“Addiction is actually the point. That’s what social media shareholders are investing in.”
The accusation came last month from Sen. Josh Hawley, R-Mo., in a speech at Stanford University’s Hoover Institution. While some politicians have argued for years that tech giants such as Facebook are dangerous for the economy, Hawley’s argument is that they are dangerous for us as people, creating “a society increasingly defined not by the genuine and personal love of family and church, but by the cold and judgmental world of social media,” he said in his May 15 maiden speech in the Senate.
Are Hawley’s concerns about the downstream social effects of these platforms warranted? Research is in its infancy, and the early results are mixed. However, I see a consensus starting to emerge. The findings from a recent article in the journal Psychiatric Quarterly by psychologists Jean Twenge and W. Keith Campbell are typical, showing an enormous negative association in adolescents between heavy social media (and other digital media use) and life satisfaction. In their words, “Heavy users . . . of digital media were 48% to 171% more likely [than light users] to be unhappy, to be in low in well-being, or to have suicide risk factors such as depression, suicidal ideation, or past suicide attempts.”
Of course, correlation isn’t causation, and it’s theoretically possible that depressed teens are simply more likely than their peers to engage in heavy social-media use. The best way to sort this out is to use experimental methods – as with drug tests – where social media is randomly assigned to people and the effects compared with those of a control group.
A few studies have done this. For instance, last year, University of Pennsylvania researchers reported in the Journal of Social and Clinical Psychology on their study of undergraduate students randomly assigned to one group with dramatically limited use of social media – 10 minutes per day on each of three platforms, Facebook, Instagram and Snapchat – while a control group was given unlimited social-media use. The result: Compared with the control group, “the limited use group showed significant reductions in loneliness and depression over three weeks.”
The research to date has generally focused on young people, for the same reason that we are most concerned about the marketing of any addictive product to children: We don’t consider them responsible for their habits and thus must protect them from exploitation. But many adults confess that they worry about the effects of excessive social-media use on themselves. In my professional world, I have seen heavy Twitter use lay to waste the reputations of respected journalists and utterly consume the productive time of great scholars.
It’s not as if this is the first time we have seen the negative properties of communication technology. Consider the telephone. Going back nearly 150 years to the time of the phone’s invention, the New York Times argued in 1876 that when the telephone became ubiquitous, people would no longer go out in public, creating a societal breakdown. “The telephone, by bringing music and ministers into every home, will empty the concert-halls and the churches,” the Times said. “The telephone may really be a device of the enemies of the Republic.”
The prediction was overwrought, as these prognostications tend to be, but many older readers will remember that in their youth some people were near recluses in their homes, talking for hours on the phone. Perverts and bullies would make crank calls, a parallel phenomenon to the anonymous use of social media and “trolling.” My parents had just one phone in the house to disincentivize anti-social behavior and make sure we kids weren’t talking to weirdos.
What changed with the telephone? We made progress by learning how to use the technology beneficially.
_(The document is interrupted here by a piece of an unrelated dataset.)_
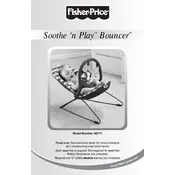 Fisher Price Mattel Soothe n Play B0771 Bouncer manual cover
As a rule, today we are the master of the traditional telephone, not the servant.
And so it can be with smartphones and with social media generally. No one thinks that a few minutes a day on Twitter to see what’s trending in one’s area of interest or using Facebook to set up activities with friends is deleterious to one’s mental health. Note that Twenge and Campbell found that light users actually tend to be a bit happier than nonusers. Light users employ social media as a complement to real life. The problem is when light use metastasizes and begins to substitute for the real human connections in life.
Some think that the supposed addictive properties of social media make this metastasis inevitable for many people. Others, such as Hawley, believe that the companies encourage this for commercial purposes: “Social media only works as a business model,” he said at the Hoover Institution, “if it consumes users’ time and attention day after day after day.”
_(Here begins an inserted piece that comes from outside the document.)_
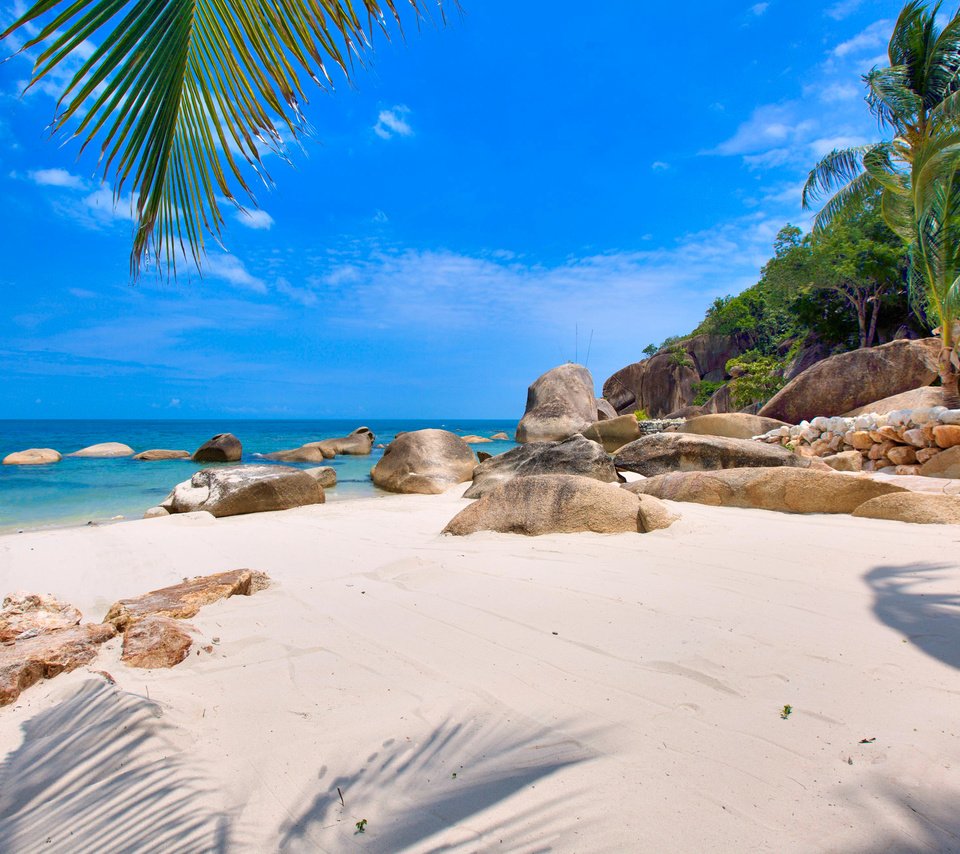 Обои море, пляж, остров, тропики, сейшелы, sea, beach, island, tropics, seychelles разрешение 3941x2632 Загрузить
Since he can’t unilaterally make social media disappear, presumably the objective behind Hawley’s argument is more regulatory scrutiny and oversight of the companies. Economists call that a “supply-side solution.” Another supply-side solution is for tech companies to voluntarily resist the innovations that give social media addictive properties.
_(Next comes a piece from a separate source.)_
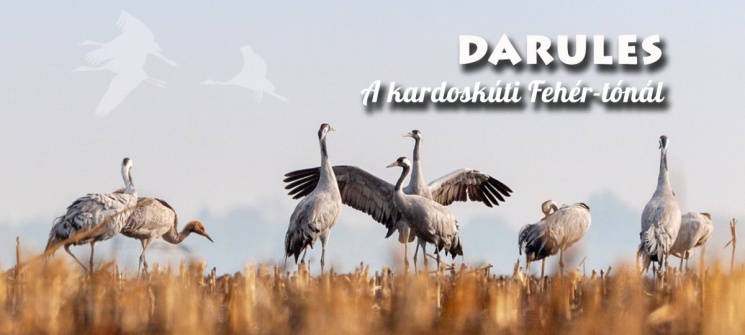 Darules, őszi madárvonulás a Kardoskúti Fehér-tónál 2024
However, there are also “demand-side solutions,” controlled by us as users, consciously limiting our exposure and rationing our use of social media. It starts with the question of whether social media is substituting for the people and things we love and value. One effective way to correct unhealthy social-media habits is to “fast” for a few weeks and then come back with strict limits on use – for example, as in the University of Pennsylvania study, a few minutes per day on any individual platform. That puts social media where it rightfully belongs: under each user’s control, and as a complement to real life.